YOUR GOAL: For this exercise, copy the records below exactly and exclude every image.

╔══

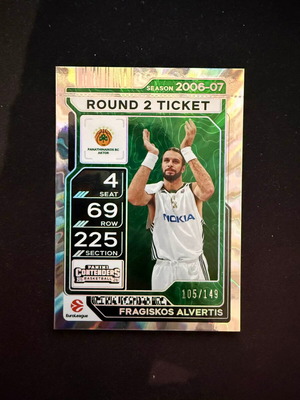 Fragiskos Alvertis Contenders Euroleague 2025-26 καινούργιο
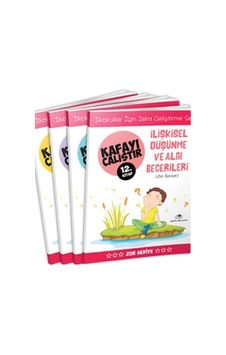 Kafayı Çalıştır Seti 4 Kitap - Zor Seviye Kafayı Çalıştır Seti 4 Kitap - Zor Seviye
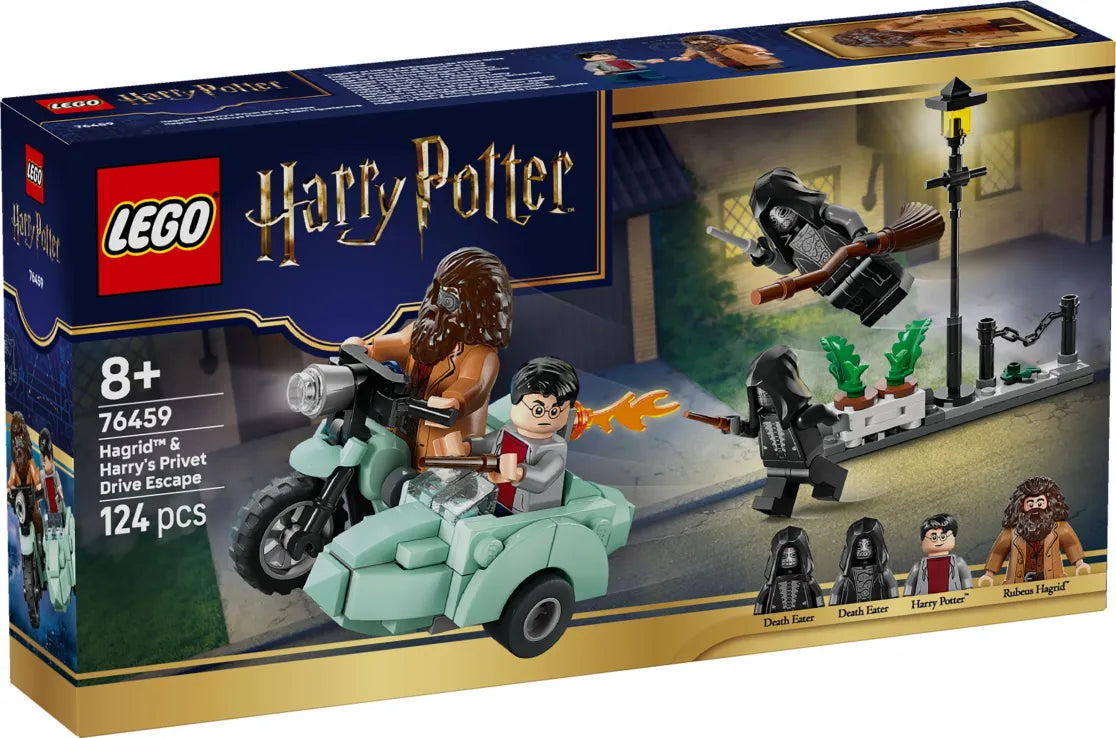 LEGO Harry Potter Hagrid & Harry's Privet Drive Escape (76459)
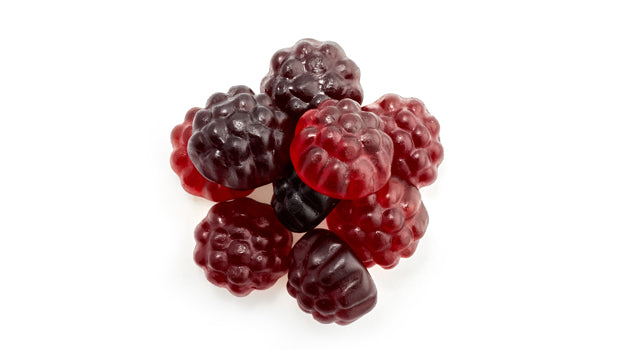 Organic Gummy Berries Vegan Gummies Bulk - 2.5 Kg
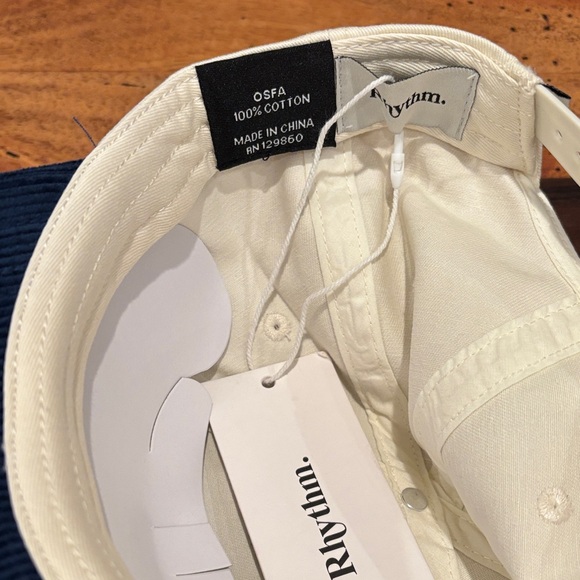 Rhythm. Worn Path Cap - Slate - Picture 5 of 5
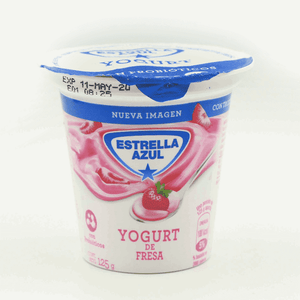 Yogurt Estrella Azul 125gr 118 Ml Fresa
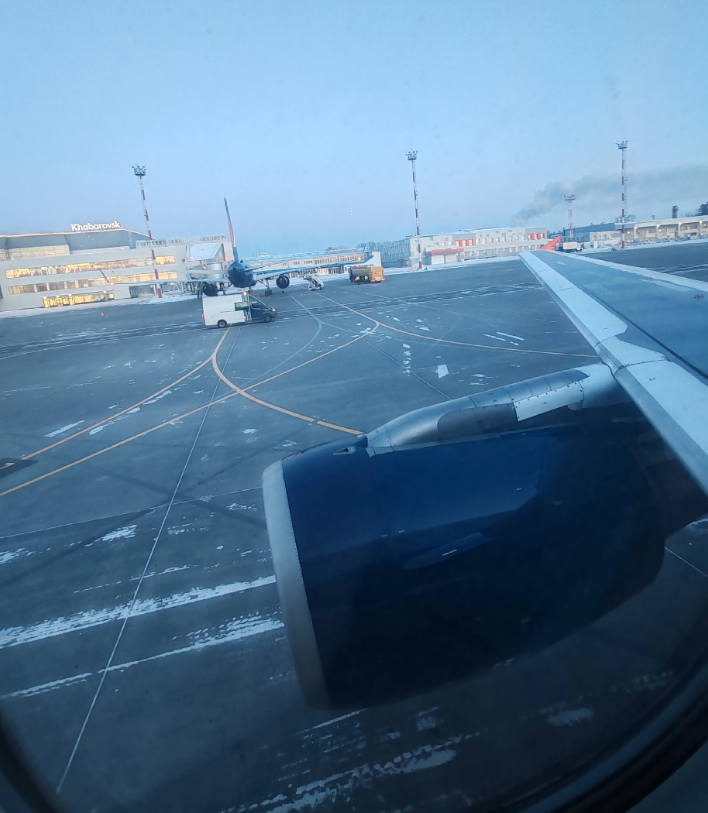 Фото Мой быстрый перелет Хабаровск-Владивосток с вкуснейшими сюрпризами!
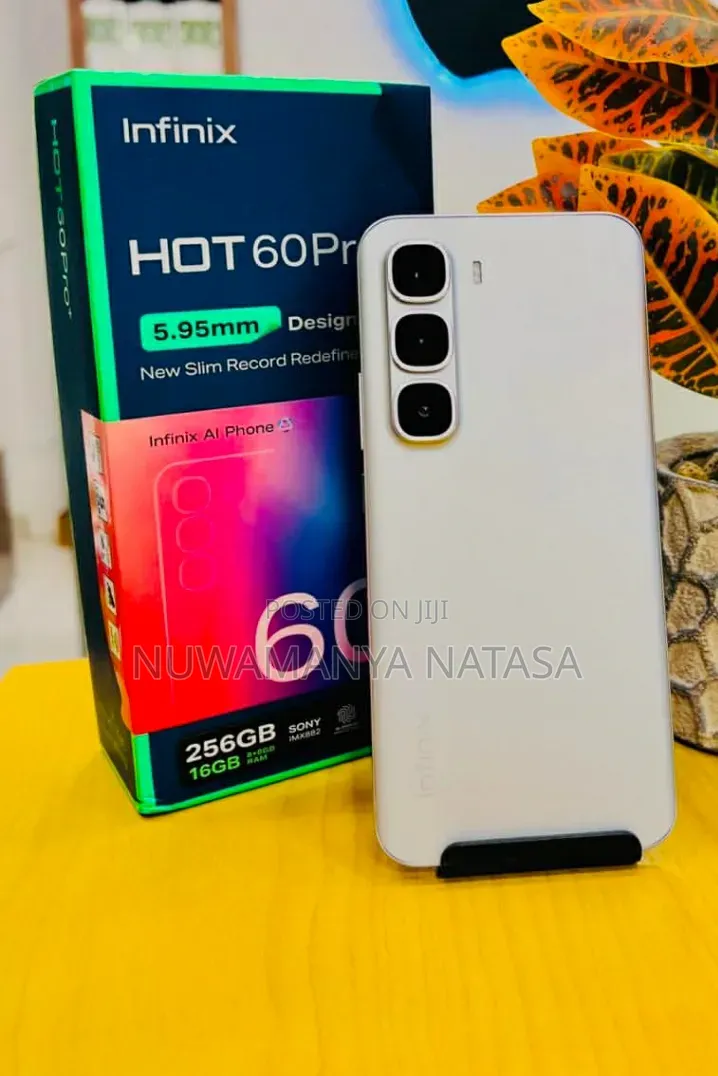 New Infinix Hot 60 Pro+ 256 GB Pink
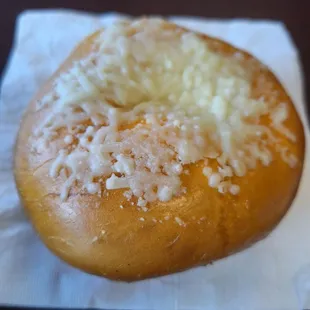 Asiago Bagel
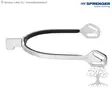 Sprenger Vasarakannukset BootProtect Slimline Flat - Spurs & Spurstraps - 4772700055 - 1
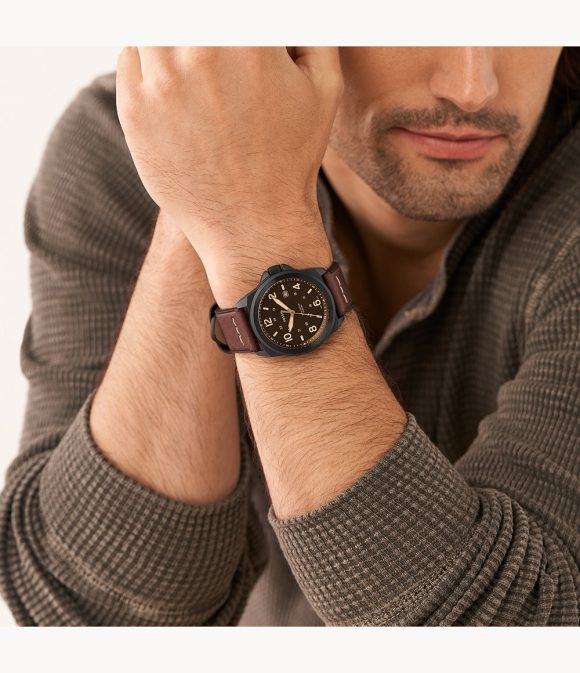 orologio solo tempo uomo Fossil Bronson FS5938 - immagine 2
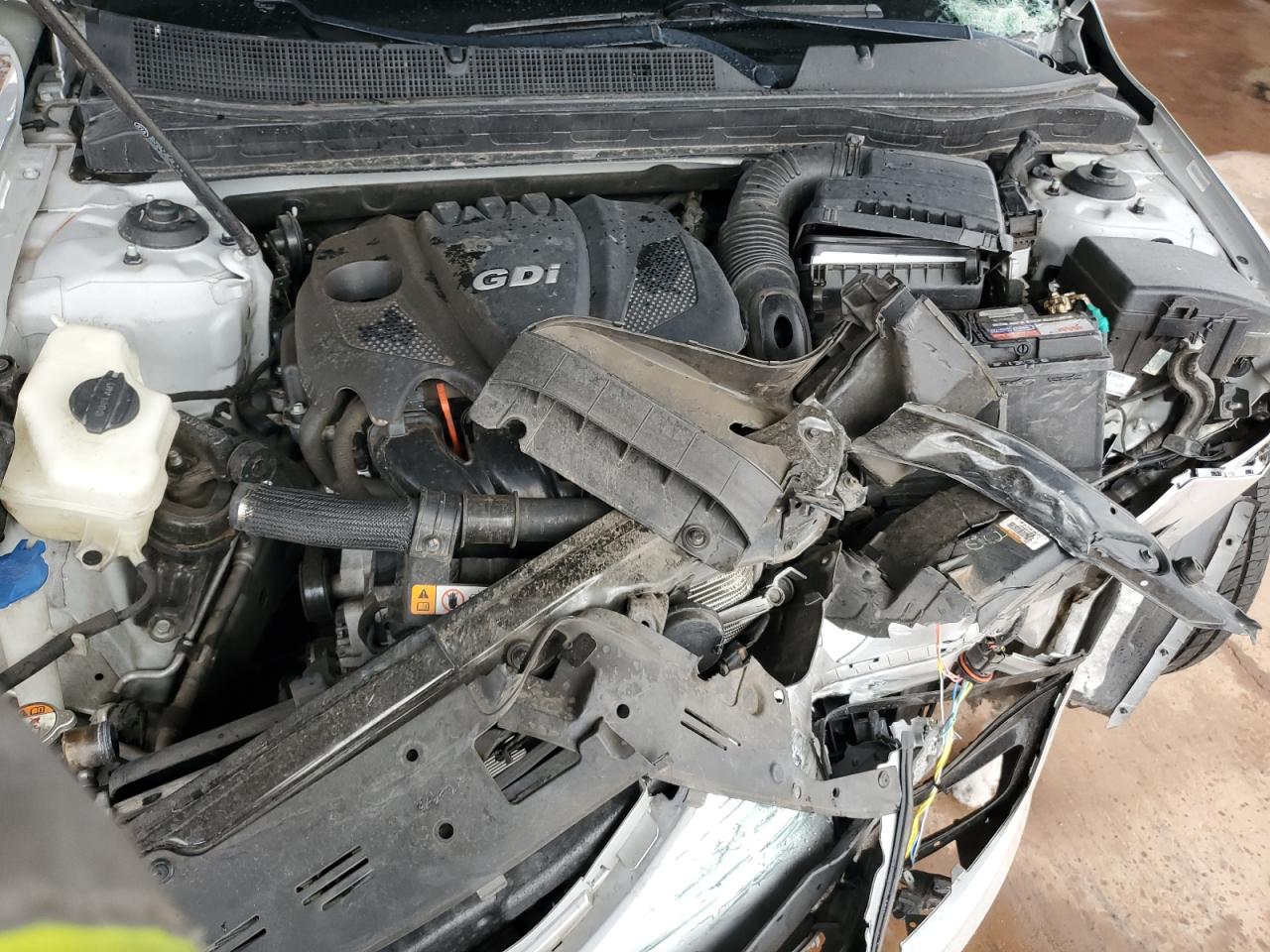 2014 Kia Optima Ex VIN: 5XXGN4A75EG326630 Lot: 82424635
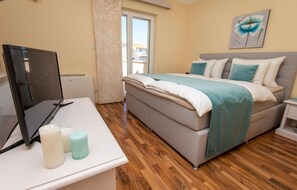 Wifi gratis y ropa de cama 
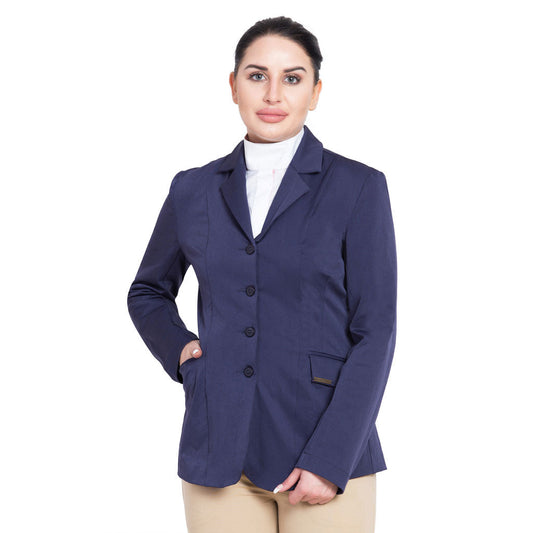navy show coat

╚══

OUTPUT FOR THIS TASK:
 Fragiskos Alvertis Contenders Euroleague 2025-26 καινούργιο
 Kafayı Çalıştır Seti 4 Kitap - Zor Seviye Kafayı Çalıştır Seti 4 Kitap - Zor Seviye
 LEGO Harry Potter Hagrid & Harry's Privet Drive Escape (76459)
 Organic Gummy Berries Vegan Gummies Bulk - 2.5 Kg
 Rhythm. Worn Path Cap - Slate - Picture 5 of 5
 Yogurt Estrella Azul 125gr 118 Ml Fresa
 Фото Мой быстрый перелет Хабаровск-Владивосток с вкуснейшими сюрпризами!
 New Infinix Hot 60 Pro+ 256 GB Pink
 Asiago Bagel
 Sprenger Vasarakannukset BootProtect Slimline Flat - Spurs & Spurstraps - 4772700055 - 1
 orologio solo tempo uomo Fossil Bronson FS5938 - immagine 2
 2014 Kia Optima Ex VIN: 5XXGN4A75EG326630 Lot: 82424635
 Wifi gratis y ropa de cama 
navy show coat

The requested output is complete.